_Records for this exercise_:
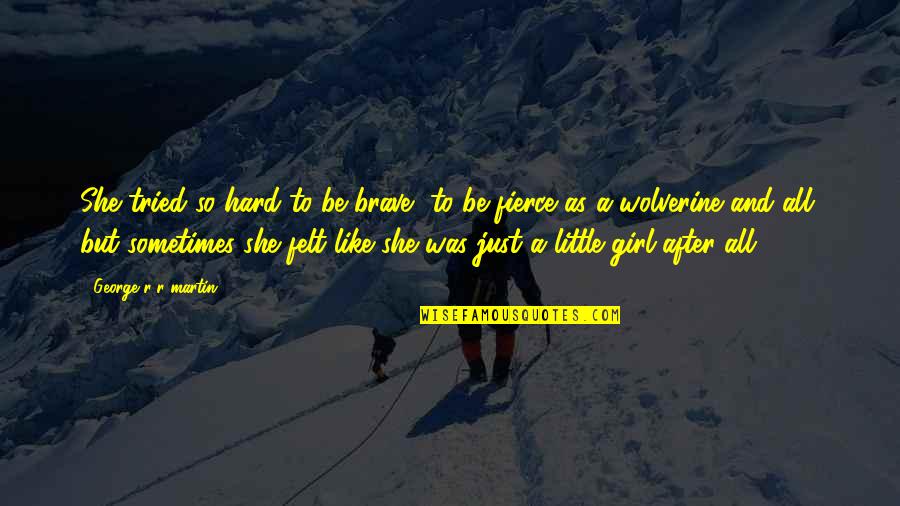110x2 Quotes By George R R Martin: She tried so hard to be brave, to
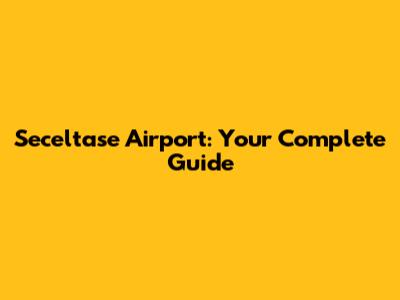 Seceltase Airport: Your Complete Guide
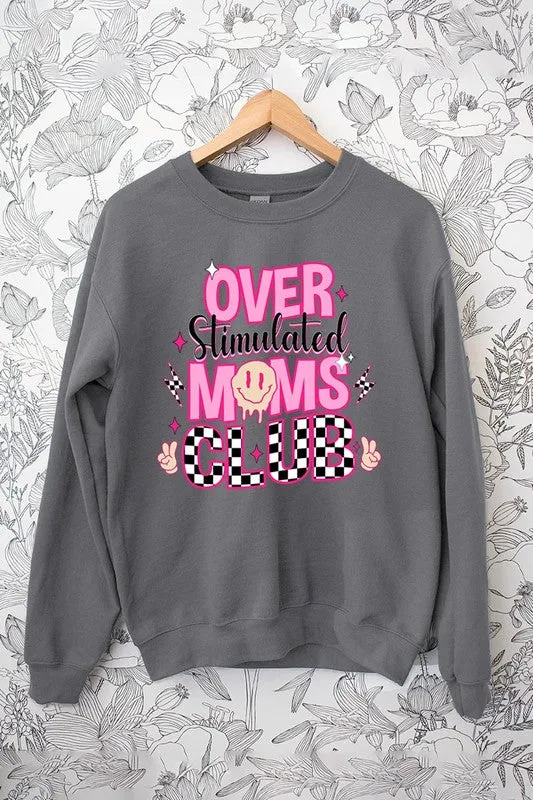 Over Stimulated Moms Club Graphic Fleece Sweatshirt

* * *

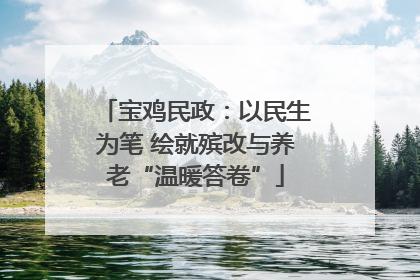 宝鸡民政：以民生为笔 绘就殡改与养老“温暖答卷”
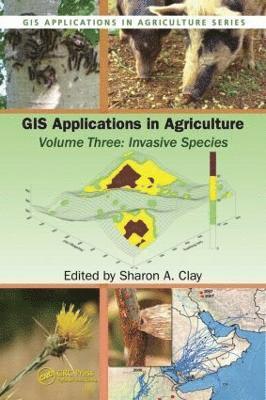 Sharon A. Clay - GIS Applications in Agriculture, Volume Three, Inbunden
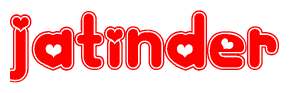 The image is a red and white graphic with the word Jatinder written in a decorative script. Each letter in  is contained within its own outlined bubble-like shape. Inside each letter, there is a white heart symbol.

_Problem statement_: In the entries above, find the line with "110x2 Quotes By" and the line with "Over Stimulated Moms". Return exactly those lines and all the ones between them, pictures excluded.

_Result of the task_:
110x2 Quotes By George R R Martin: She tried so hard to be brave, to
 Seceltase Airport: Your Complete Guide
 Over Stimulated Moms Club Graphic Fleece Sweatshirt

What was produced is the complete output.